▶ [Requirement]
Output only the lines below from the one containing "Mattias Markussson (vlevo)" to the one containing "Tense stand-off as", exactly as written, both ends kept.

▶ [Data for this exercise]

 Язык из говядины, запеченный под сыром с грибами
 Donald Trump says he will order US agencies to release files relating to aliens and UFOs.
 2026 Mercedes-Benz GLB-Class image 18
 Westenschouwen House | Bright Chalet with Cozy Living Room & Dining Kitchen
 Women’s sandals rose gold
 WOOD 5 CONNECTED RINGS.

...

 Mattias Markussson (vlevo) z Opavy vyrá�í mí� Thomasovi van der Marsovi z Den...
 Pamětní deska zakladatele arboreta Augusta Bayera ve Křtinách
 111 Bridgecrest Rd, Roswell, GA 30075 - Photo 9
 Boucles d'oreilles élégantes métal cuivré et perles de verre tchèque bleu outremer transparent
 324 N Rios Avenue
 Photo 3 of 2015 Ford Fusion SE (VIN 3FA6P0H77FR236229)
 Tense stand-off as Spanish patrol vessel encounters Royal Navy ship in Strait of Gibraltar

...

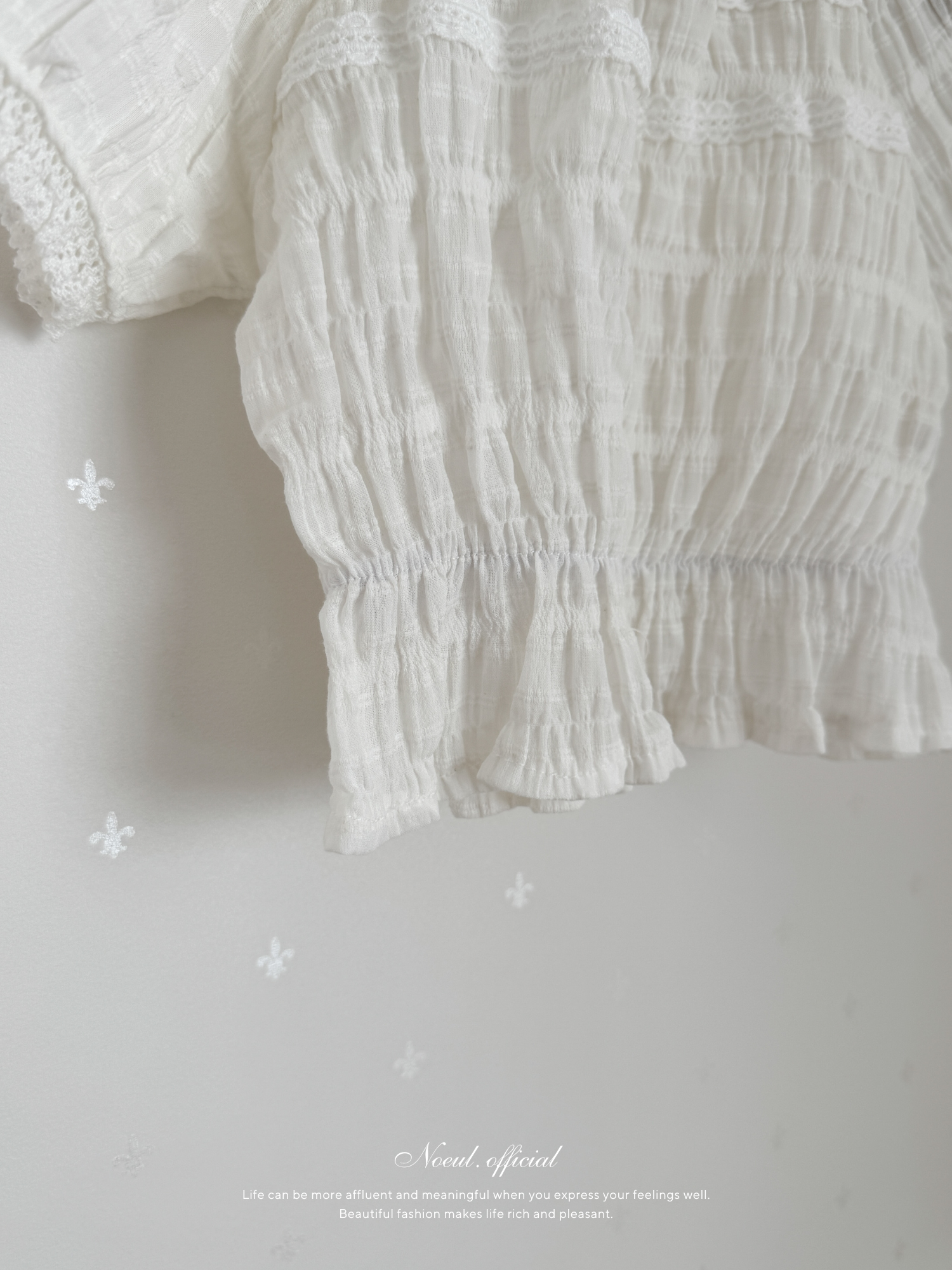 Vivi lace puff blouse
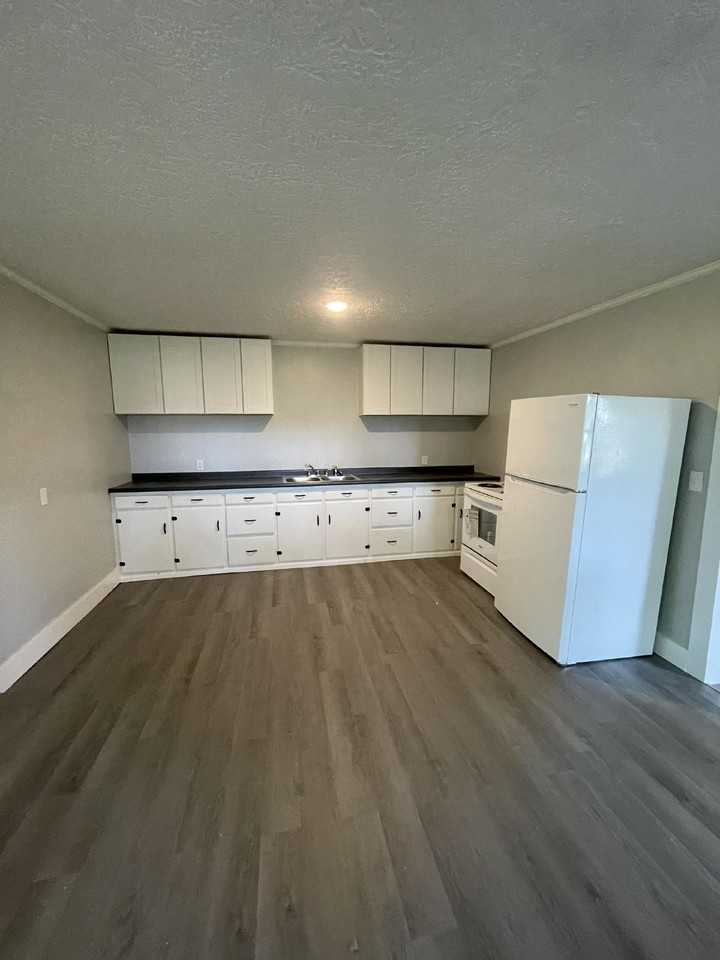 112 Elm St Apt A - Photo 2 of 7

▶ [Response]
 Mattias Markussson (vlevo) z Opavy vyrá�í mí� Thomasovi van der Marsovi z Den...
 Pamětní deska zakladatele arboreta Augusta Bayera ve Křtinách
 111 Bridgecrest Rd, Roswell, GA 30075 - Photo 9
 Boucles d'oreilles élégantes métal cuivré et perles de verre tchèque bleu outremer transparent
 324 N Rios Avenue
 Photo 3 of 2015 Ford Fusion SE (VIN 3FA6P0H77FR236229)
 Tense stand-off as Spanish patrol vessel encounters Royal Navy ship in Strait of Gibraltar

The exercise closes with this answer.